Database-based geospatial formats
When geospatial data gets more complex, it is common to incorporate them within a relational database system (RDMS). Some of the file-based formats above (e.g. GeoPackage, Geodatabase) are in fact databases saved as a file (or files). Most general-purpose database software (e.g. MySQL/MariaDB, PostgreSQL, SQLite) also have extensions for representing geospatial data – usually in the form of a special “geometry” column. The latter can be used to connect to data sources in a remote location. Otherwise, they work much like any other format.
Attribute data
Apart from the geospatial data needed to put points (or lines, or polygons) on a map, geospatial formats usually come with “attributes”; that is, a table of data associated with the geometries. This is what we have been using for data-dependent symbologies, for example. QGIS has many features for selecting, filtering and manipulating these attributes.
- Copy
c14_dates.csv
to your project. - Convert it to a suitable geospatial format, add this to your map, and remove the CSV.
- View the attribute table of the layer.
- Q: What data types are used in this attribute table?
- Using select features by value, export dates from the ‘radon’ and ‘radonb’ databases as a new layer and add it to your project.

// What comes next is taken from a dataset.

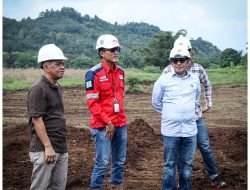 Bupati Eka Putra Tinjau Pembangunan Hunian Tetap bagi Korban Galodo di Rambatan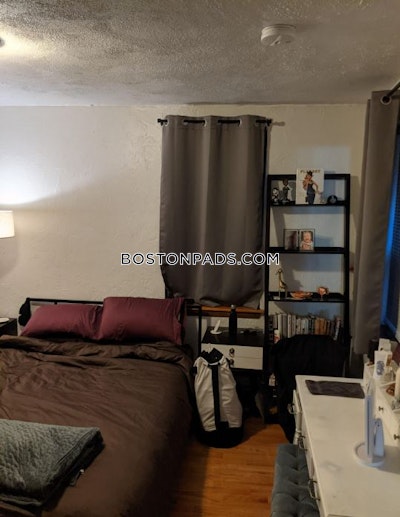 North End Nice 1 Bed 1 Bath available 9/1 on Salem St. in the North End Boston - $2,570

- Using the filter tool, filter this layer to only show dates which fit the following conditions:
- Have an error (
std
) of less than 50 - Are from samples of charcoal, “collagen, bone” or “plant remains”
- Are from the Bronze Age
- Q: How many dates fit all these criteria?
- Have an error (
- Edit the attribute table to correct the lab codes from ‘Rome-’. They should be ‘R-’.
- Using the field calculator, update the ‘site_type’ field to use uppercase letters.
- Using the field calculator, create a new column with the difference between the uncalibrated and calibrated ages.
Remember to include your finished file structure from the first part of this practical in your portfolio.